Бегбедер: Я не прерывал тебя, потому что, мне думается, ты прав, напоминая о том, что священник тоже человек. Он испытывает сомнения, страдания, возмущение и должен сказать, что он – такой же, как все. Это значит, что Церкви предстоит еще немало продвинуться в этом отношении. В наши дни для многих, и для меня в том числе, католический священник – что-то вроде НЛО, ведь от него требуют невозможного, и в частности – жить совсем не так, как живут другие. Как он может быть счастливым при всех ограничениях, запретах?
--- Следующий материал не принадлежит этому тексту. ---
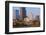 State capital and skyline in Little Rock, Arkansas-null-Framed Photographic Print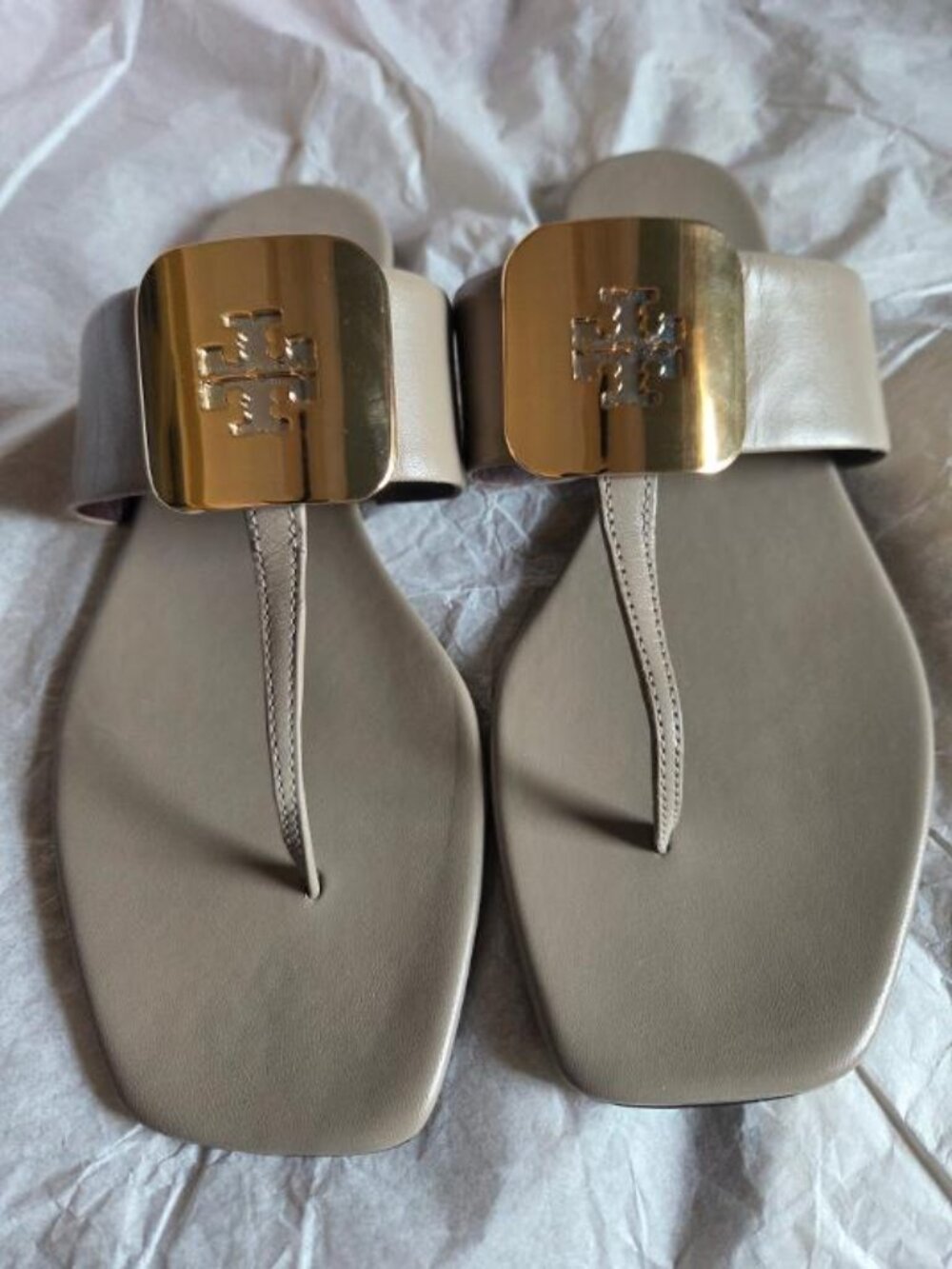 Tory Burch Georgia Sandal (dark elk)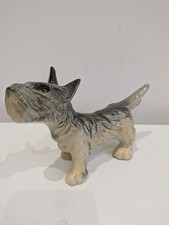 Vintage Ceramic Retro Terrier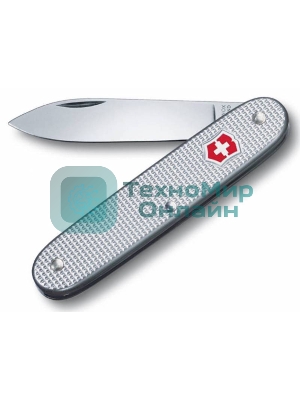 Нож перочинный Victorinox Pioneer Alox (0.8000.26) 93мм 1функций серебристый карт.коробка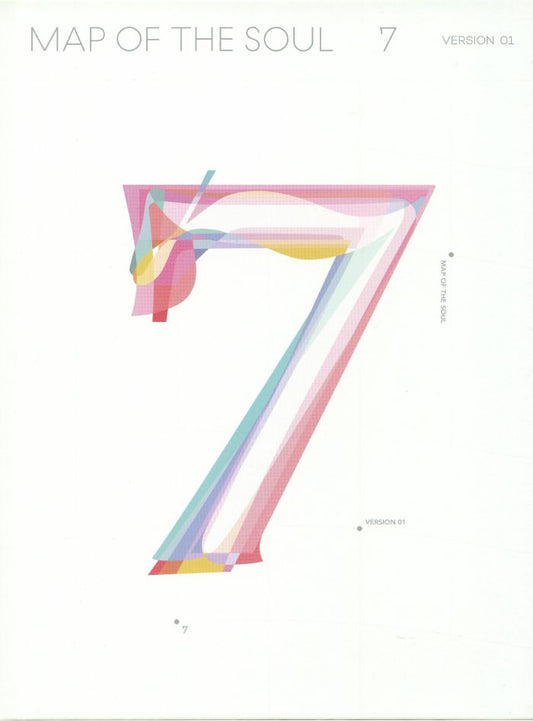 BTS - MAP OF THE SOUL : 7 (Version 1)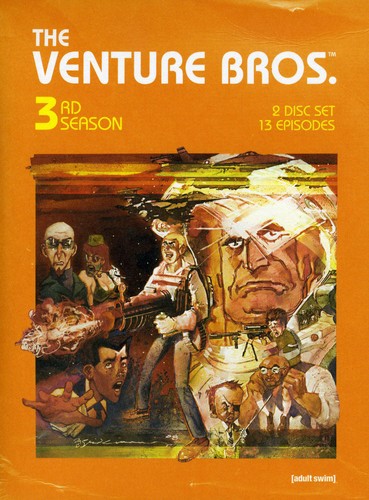 THIRD SEASON (2 DVD) - VENTURE BROTHERS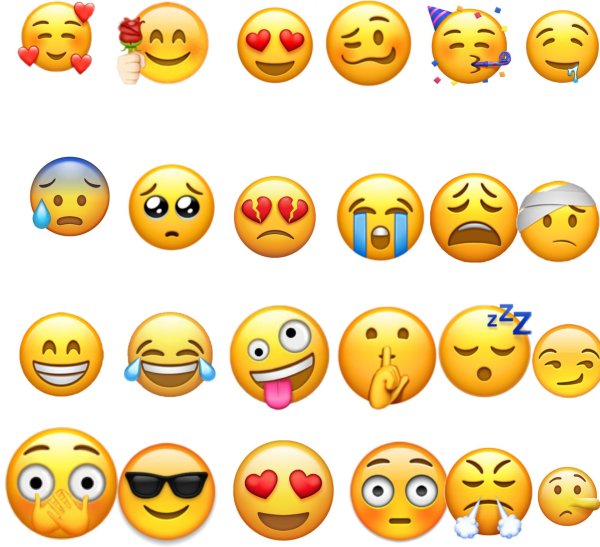 смайлы стикеры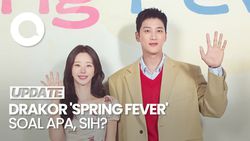 Video: Mengintip Premis Drakor Spring Fever dari Trailer Terbaru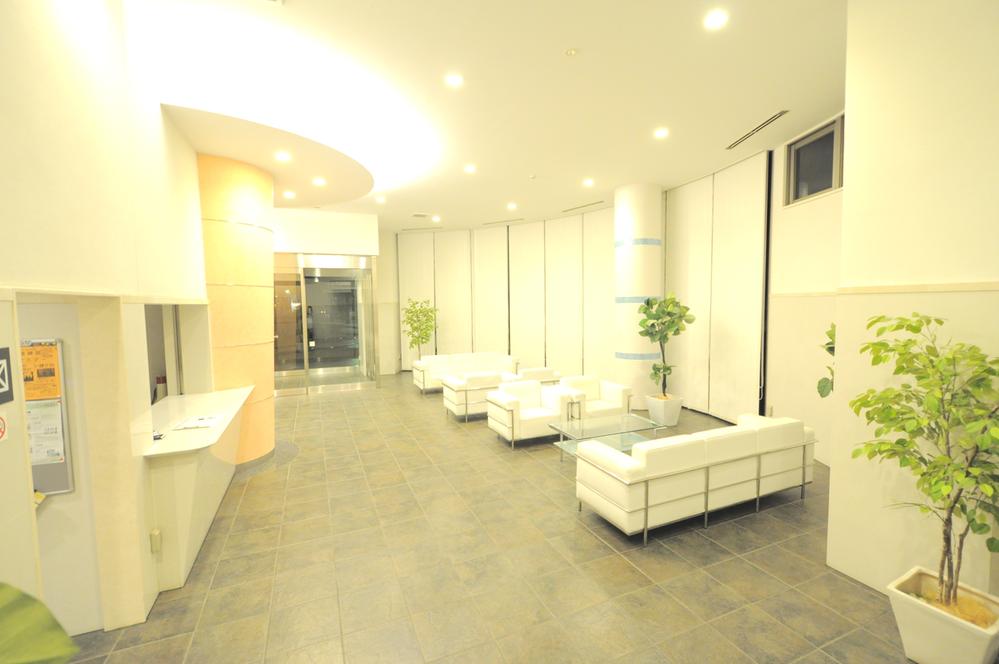 lobby. Common areas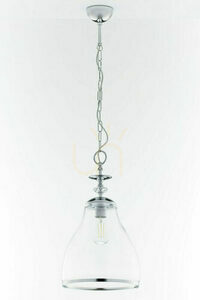 ISLA Pendant Lamp Chrome 1XE27/15W small 1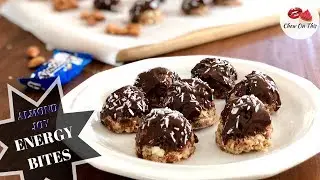 Healthy Almond Joy Energy Bites | Gimme A Minute Ep. 32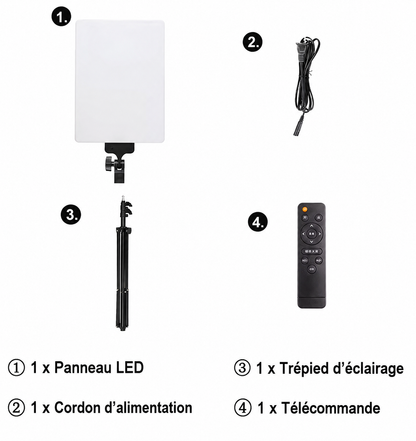 Projecteur d'éclairage LED professionnel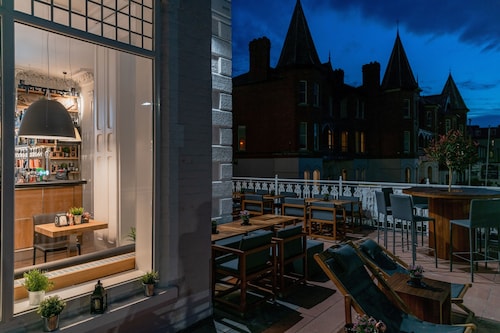 The Strand Hotel, the former residence of Oscar Wilde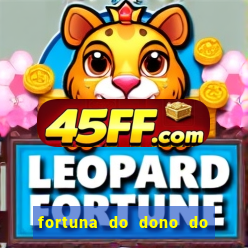 fortuna do dono do supermercado guanabara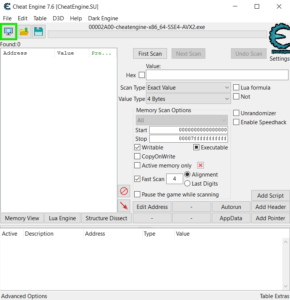 Download New in Cheat Engine 7.6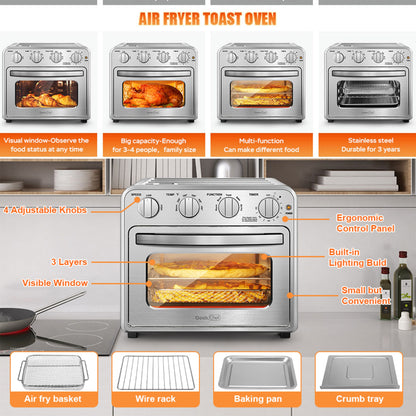 Geek Chef Air Fryer Toaster Oven
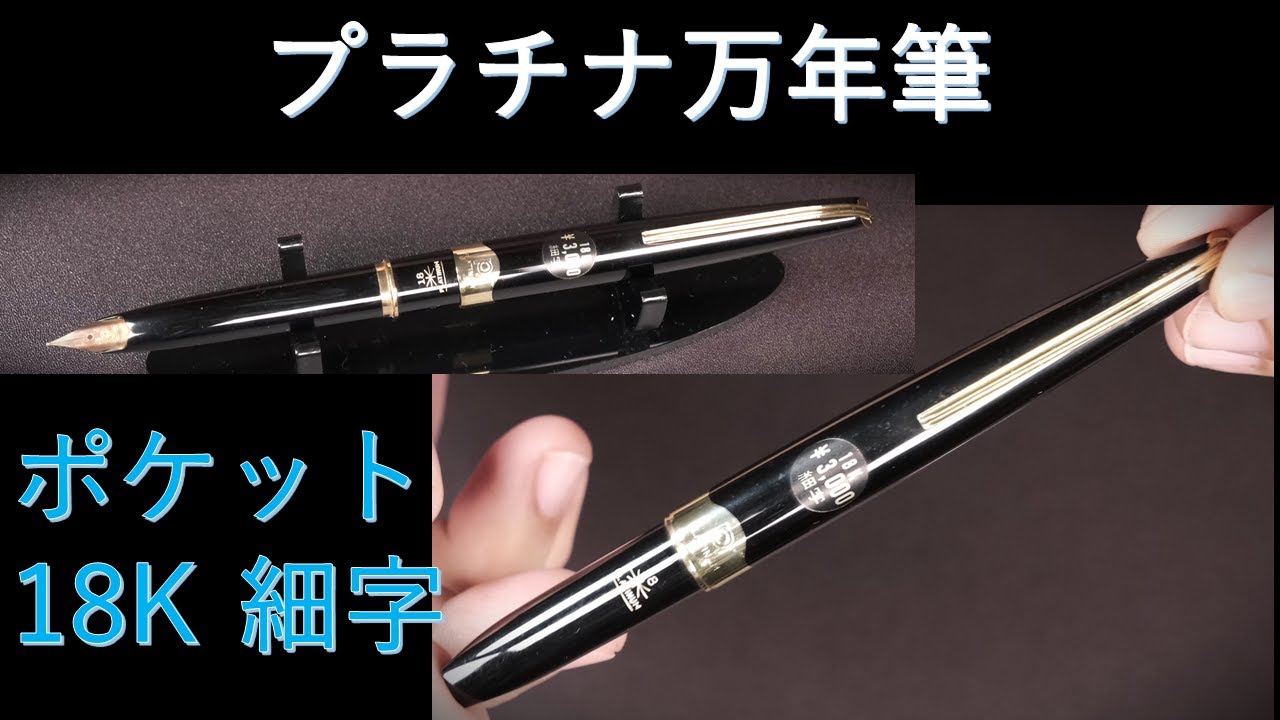 プラチナ万年筆 ペン先18KWG⁄エリート?14K 2本 18K 14K パイロット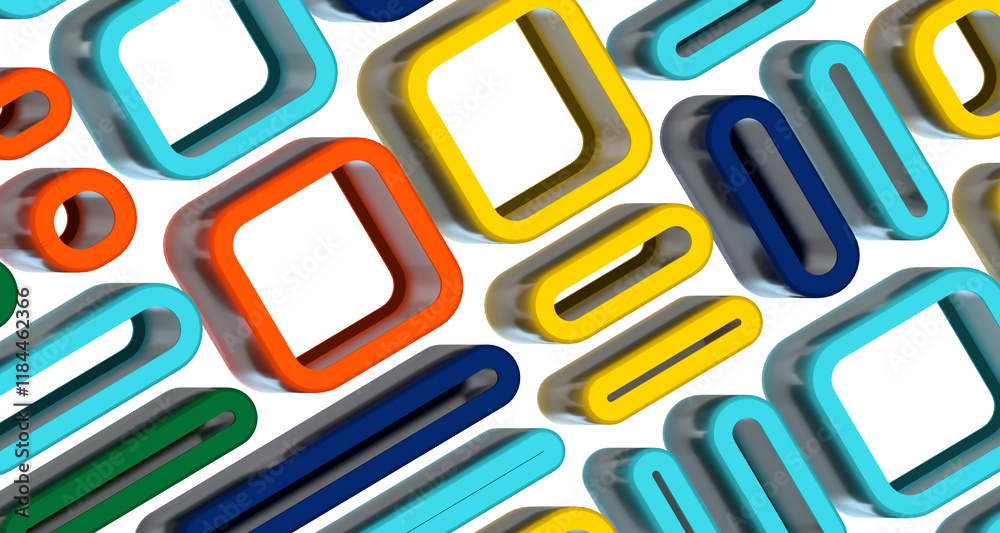 Poster Abstract Low-Poly background. triangulated texture. Design 3d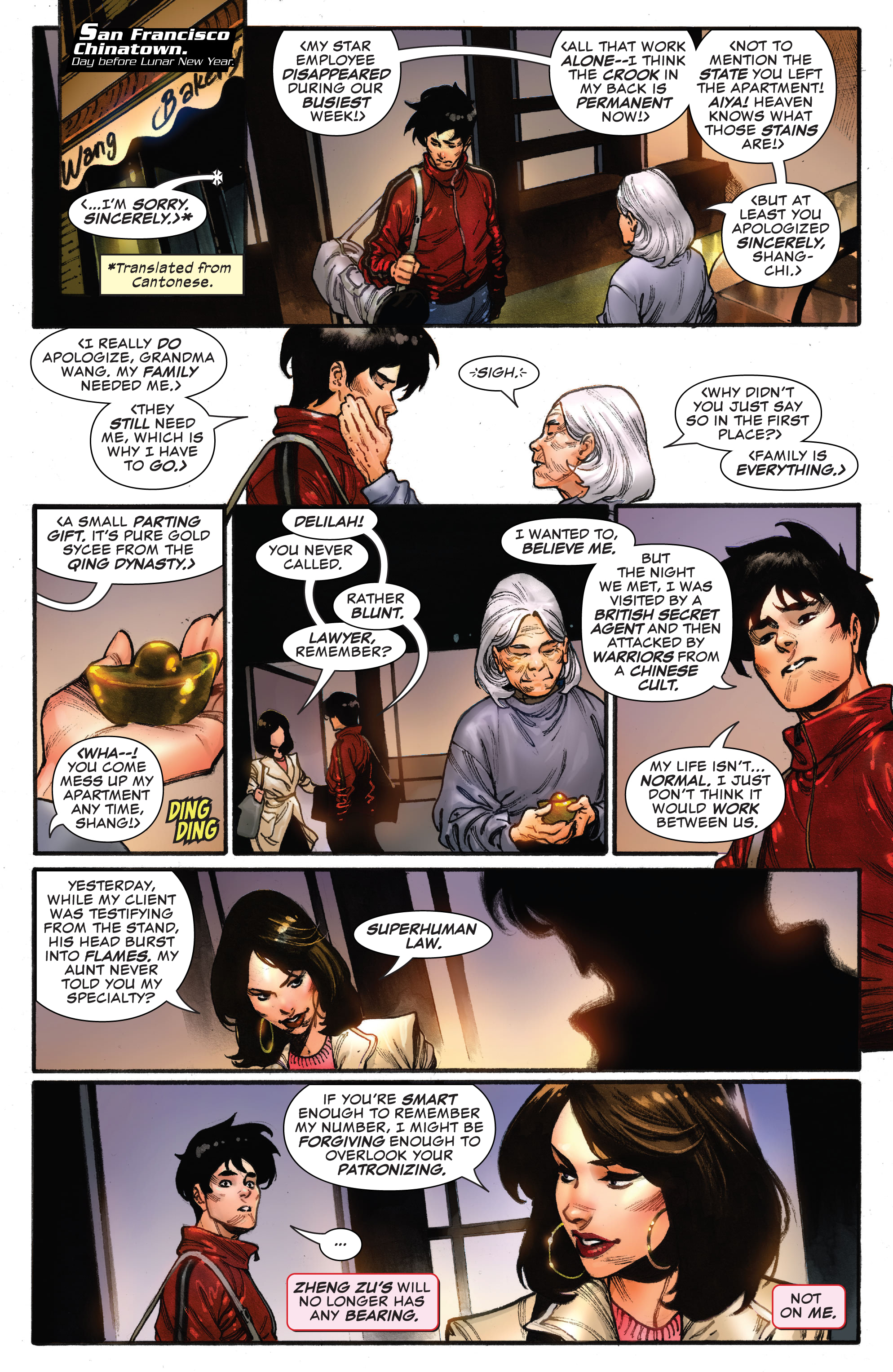 Shang-Chi (2020) issue 5 - Page 21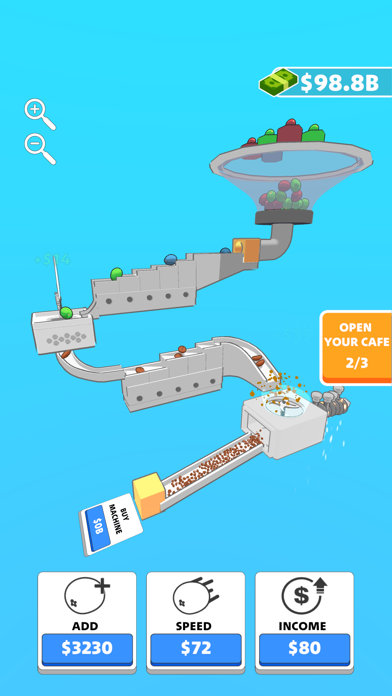 Coffee Factory Clicker Screenshot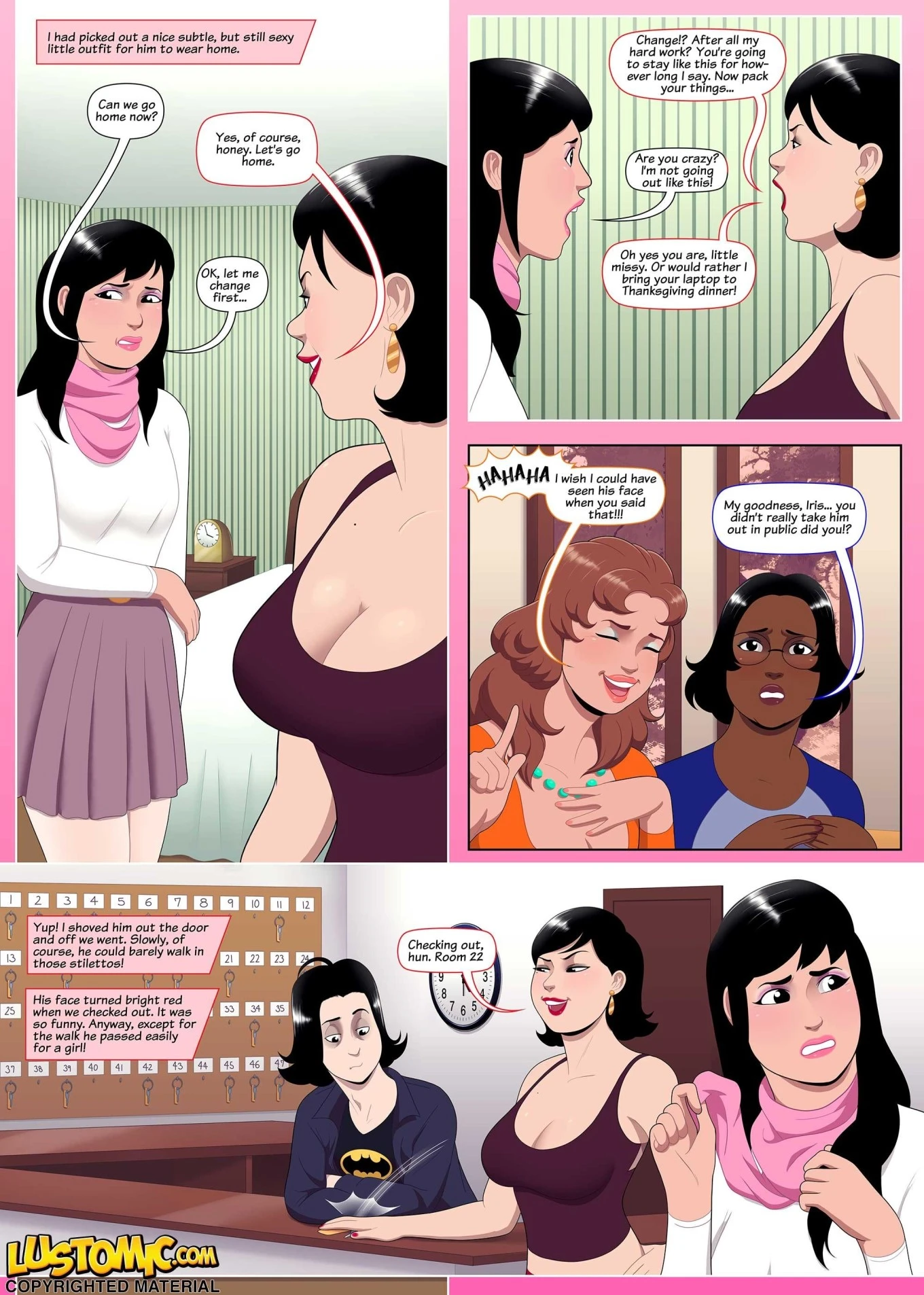 Her Hubby's Secret porn comic picture 6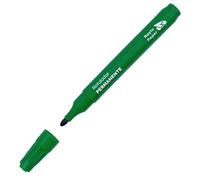 RAYLU PAPER Rotuladores Permanentes con Punta de 2mm, Rotulador Permanente Resistente al Agua y la Decoloración de Secado Rápido, Ideal para Papel, Cartón, Plástico, Metal y Tela (1, Verde)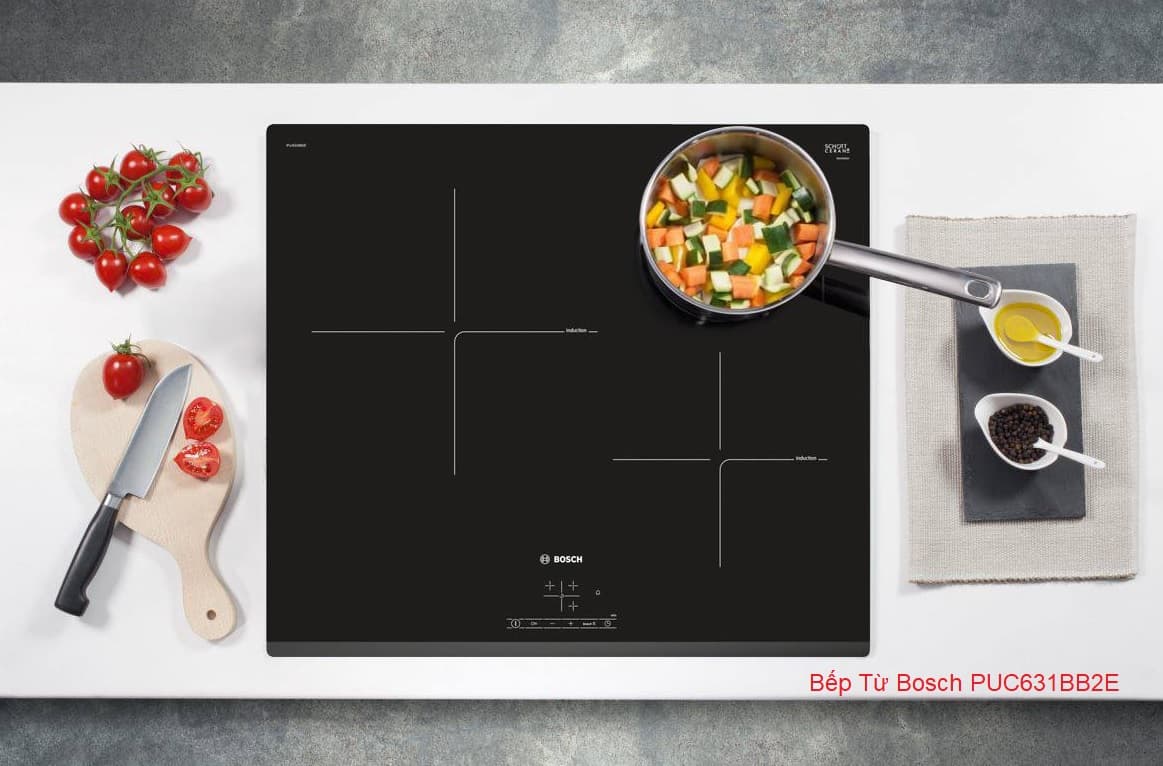 Bếp Từ Bosch 3 Vùng Nấu Nào Bền Bỉ, Giá Tốt?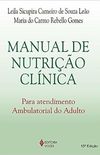 Manual de nutrio clnica para atendimento ambulatorial do adulto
Ди Фалько: Я говорил: ему знакомы мгновения счастья. Мне хотелось бы привести в пример то состояние, когда священник глубоко переживает свою связь с Богом, пребывание в лоне Божием, в полном единении с Ним. Когда такое происходит со мной (а это бывает нередко), в эти глубокие моменты счастья я почти физически ощущаю связь с Богом. Меня наполняет своего рода блаженство, в этот миг я чувствую себя счастливым. Да, когда я в полном единстве с Богом, я счастлив.

Понимаешь, что я испытываю в такие минуты? Состояние блаженства, которое кое-кто пытается обрести с помощью особых средств.

Бегбедер: Намекаешь на тех, кто готов с этой целью подсесть на кокс или воспользоваться бульбулятором?[21] Тем не менее, если б, как ты выражаешься, «особые средства» не действовали, не оказывали эффекта на потребителя, не было бы ни дилеров, ни мафии счастья.

Ди Фалько: С моей точки зрения, речь идет скорее о наслаждении и бегстве от реальности.

Бегбедер: Так и есть. Можно говорить о бегстве. Наверное, в этом разница.

Ди Фалько: Возвращаюсь к моему вопросу: приходилось тебе испытывать такие мгновения счастья?

Бегбедер: В свою очередь повторюсь. Когда родилась дочка, в то мгновение меня коснулось счастье. Сначала мне протянули сверток, что-то шуршащее, синее и довольно липкое. А потом это что-то открыло глаза и… никогда у меня не было таких необыкновенных ощущений! Знаешь, что я ей сказал? «Добро пожаловать». Она смотрела на меня, и мне ее вручили. Произнесу банальность, в которую, однако, верю: кто не пережил этого, тому не понять.

Занимаясь любовью с кем-то, кого мы любим, кто любит нас, мы тоже прикасаемся к счастью. Опять-таки ты не знаешь, что упускаешь… Конечно, это источник удовольствия, но и нечто гораздо большее. Нечто вечное. Я помню каждый из моих лучших оргазмов. Могу точно указать дату и место десяти моих высших достижений, да-да! Наркотики, алкоголь после этого – лишь мимолетные радости. Да и слово «радость» тут – преувеличение. Пожалуй, это способ отвлечься, сбежать, забыть тревогу.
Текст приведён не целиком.